TIMEFRAME:
2021/06/10 01:18 PM PDT - 2021/06/10 04:26 PM PDT
SUMMARY AND IMPACT:
During the above timeline, customers in our Europe Cloud environment experienced intermittent connectivity issues and/or slower than normal performance to Zuora Billing UI and APIs. Within this region, we use three availability zones for our load balancing and traffic routing & distributions systems. As this only impacted one of three availability zones used by Zuora, approximately 1/3rd of the traffic was exposed to this issue, and of that 1/3rd - only a small fraction of traffic realized any direct impact.

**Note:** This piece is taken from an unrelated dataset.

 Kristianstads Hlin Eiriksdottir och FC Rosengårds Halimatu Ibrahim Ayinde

This event triggered multiple alerts from our infrastructure monitoring in near real-time as the event started, and continued to alert intermittently until the issue mitigation was deployed.

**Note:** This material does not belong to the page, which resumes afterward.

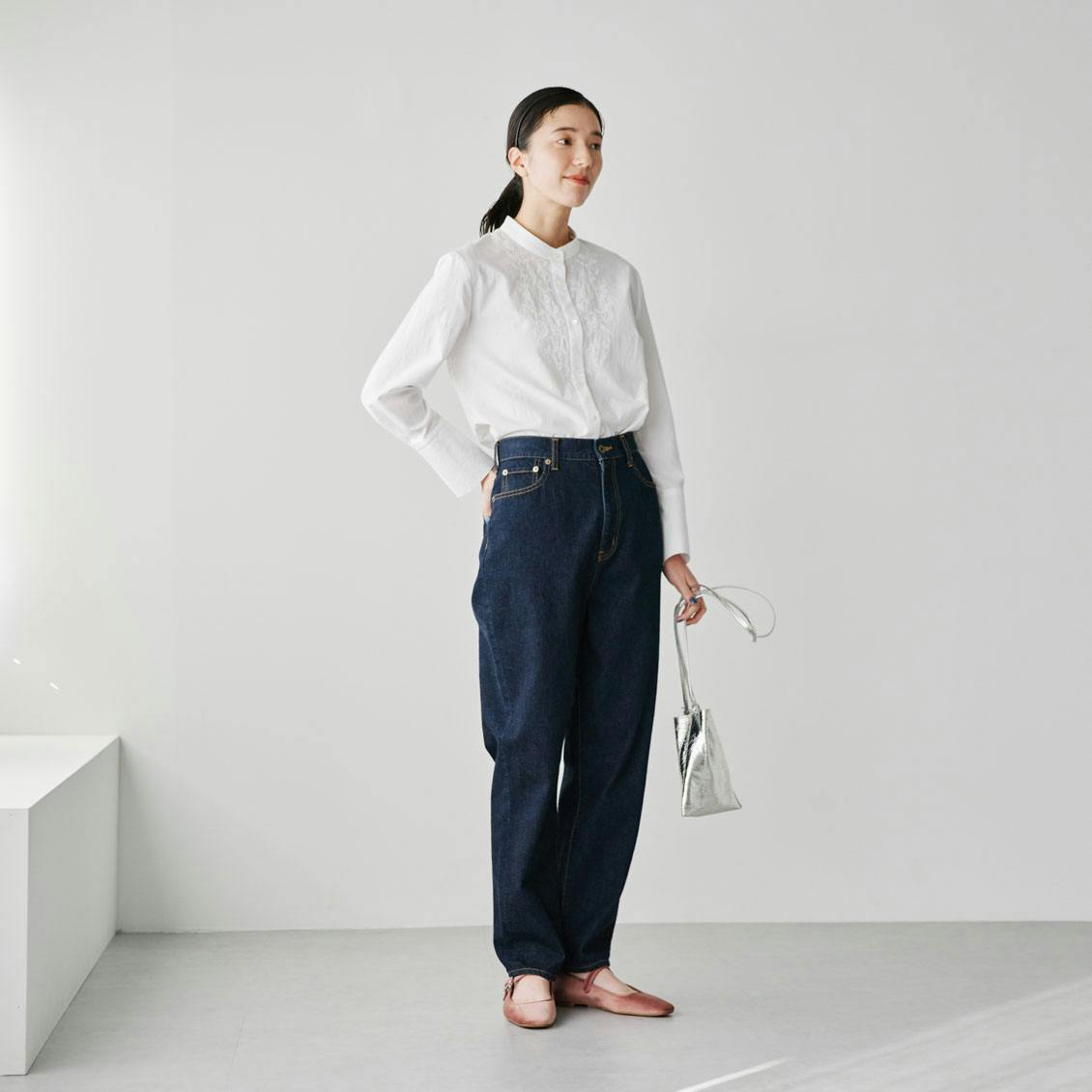 カジュアルすぎない大人顔」新定番のテーパードデニム（Sサイズ / M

ROOT CAUSE: Our Cloud service provider experienced a temperature management issue within one of three availability zones used by Zuora Billing services in that region. This in turn resulted in a small subset of cloud instances (that were part of the top-level traffic distribution layer) in the affected availability zone to become unavailable or less performant.
RESOLUTION
Mitigation:
Zuora Engineers removed the top-level distribution layer from routing traffic to the impacted instance’s availability zone which restored normal operations. Timeline for removal: 3:39PM PDT for EU Sandbox, and 3:43PM PDT for EU Production. Following this action, we observed improved and normalized operations for all impacted environments.
Resolution:
Our cloud service provider was able to address the issue and normalize the performance and confirmed restoration of their systems by 4:33 PM PDT. Following confirmation, Zuora restored the affected availability zone to EU Sandbox systems for continued observation. After observing continued stability of affected systems for another 12h, we restored EU production environments as well.
FUTURE PREVENTATIVE MEASURES:
NOTE: For this incident, the impacted components were mistakenly marked against AMERICAS CLOUD datacenter. This was in error as the impacted center was EUROPE CLOUD which was correctly referenced in the incident title. We apologies for any confusion.